**Brief**
Copy every line from the records below that holds the word "blue".

**Source information**
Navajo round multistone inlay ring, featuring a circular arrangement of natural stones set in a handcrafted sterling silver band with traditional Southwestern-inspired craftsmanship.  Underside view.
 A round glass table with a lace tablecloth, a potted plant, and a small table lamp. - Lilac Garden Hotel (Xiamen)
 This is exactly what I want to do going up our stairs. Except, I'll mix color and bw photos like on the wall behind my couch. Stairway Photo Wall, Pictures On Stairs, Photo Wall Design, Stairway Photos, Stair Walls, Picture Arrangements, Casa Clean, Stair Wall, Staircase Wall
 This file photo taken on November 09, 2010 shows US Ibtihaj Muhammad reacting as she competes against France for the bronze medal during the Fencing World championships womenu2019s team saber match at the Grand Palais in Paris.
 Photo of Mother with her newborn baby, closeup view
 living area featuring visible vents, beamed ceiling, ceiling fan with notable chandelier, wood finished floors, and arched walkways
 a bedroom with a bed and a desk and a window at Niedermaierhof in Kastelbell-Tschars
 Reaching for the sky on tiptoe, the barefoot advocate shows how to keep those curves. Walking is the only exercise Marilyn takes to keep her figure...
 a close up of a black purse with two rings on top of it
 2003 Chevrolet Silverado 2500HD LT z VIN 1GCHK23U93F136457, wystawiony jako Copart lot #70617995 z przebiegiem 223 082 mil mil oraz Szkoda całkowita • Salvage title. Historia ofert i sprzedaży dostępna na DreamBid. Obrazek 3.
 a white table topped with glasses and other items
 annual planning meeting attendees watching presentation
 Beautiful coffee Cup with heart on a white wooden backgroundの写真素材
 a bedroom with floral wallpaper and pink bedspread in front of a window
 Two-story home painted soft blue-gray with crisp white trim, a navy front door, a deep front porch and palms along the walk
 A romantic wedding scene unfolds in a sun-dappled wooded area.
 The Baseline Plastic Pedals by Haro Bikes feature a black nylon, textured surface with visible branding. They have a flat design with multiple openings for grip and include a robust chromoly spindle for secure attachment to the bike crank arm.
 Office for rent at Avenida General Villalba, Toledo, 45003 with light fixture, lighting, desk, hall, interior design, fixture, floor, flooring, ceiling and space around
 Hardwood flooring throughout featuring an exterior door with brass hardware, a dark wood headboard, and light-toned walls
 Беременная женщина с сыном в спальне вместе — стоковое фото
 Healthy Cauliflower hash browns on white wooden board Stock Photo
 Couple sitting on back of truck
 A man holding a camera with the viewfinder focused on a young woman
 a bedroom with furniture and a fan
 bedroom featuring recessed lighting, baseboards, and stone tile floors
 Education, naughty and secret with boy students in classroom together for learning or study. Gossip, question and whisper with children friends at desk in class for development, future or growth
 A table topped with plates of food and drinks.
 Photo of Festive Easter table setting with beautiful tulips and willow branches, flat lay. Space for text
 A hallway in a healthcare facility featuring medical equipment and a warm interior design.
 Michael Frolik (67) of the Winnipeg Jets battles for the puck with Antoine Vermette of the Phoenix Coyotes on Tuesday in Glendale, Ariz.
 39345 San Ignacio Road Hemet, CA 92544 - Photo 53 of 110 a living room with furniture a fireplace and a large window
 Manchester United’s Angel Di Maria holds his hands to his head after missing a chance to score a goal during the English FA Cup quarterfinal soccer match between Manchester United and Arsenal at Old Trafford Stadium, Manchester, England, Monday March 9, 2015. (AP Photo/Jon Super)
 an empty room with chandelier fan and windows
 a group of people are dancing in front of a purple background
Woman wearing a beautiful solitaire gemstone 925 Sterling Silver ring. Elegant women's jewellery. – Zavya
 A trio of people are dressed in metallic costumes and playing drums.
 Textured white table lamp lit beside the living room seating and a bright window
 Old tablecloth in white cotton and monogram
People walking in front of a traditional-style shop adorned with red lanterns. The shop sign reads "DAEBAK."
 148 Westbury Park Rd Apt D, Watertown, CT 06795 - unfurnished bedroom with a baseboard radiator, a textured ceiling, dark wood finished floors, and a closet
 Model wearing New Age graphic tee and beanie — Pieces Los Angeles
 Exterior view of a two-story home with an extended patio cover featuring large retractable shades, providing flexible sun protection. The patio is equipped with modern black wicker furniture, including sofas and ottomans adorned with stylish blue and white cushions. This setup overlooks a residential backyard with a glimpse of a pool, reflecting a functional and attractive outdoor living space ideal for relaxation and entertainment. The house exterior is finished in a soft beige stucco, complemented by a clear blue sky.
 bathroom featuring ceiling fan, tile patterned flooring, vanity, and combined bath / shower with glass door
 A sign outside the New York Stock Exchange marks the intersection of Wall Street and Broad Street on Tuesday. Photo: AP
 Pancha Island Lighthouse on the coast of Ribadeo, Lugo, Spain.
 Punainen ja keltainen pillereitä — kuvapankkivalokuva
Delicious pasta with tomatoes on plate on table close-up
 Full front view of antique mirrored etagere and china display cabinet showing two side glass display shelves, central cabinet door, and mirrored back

**Final answer**
 Two-story home painted soft blue-gray with crisp white trim, a navy front door, a deep front porch and palms along the walk
 Exterior view of a two-story home with an extended patio cover featuring large retractable shades, providing flexible sun protection. The patio is equipped with modern black wicker furniture, including sofas and ottomans adorned with stylish blue and white cushions. This setup overlooks a residential backyard with a glimpse of a pool, reflecting a functional and attractive outdoor living space ideal for relaxation and entertainment. The house exterior is finished in a soft beige stucco, complemented by a clear blue sky.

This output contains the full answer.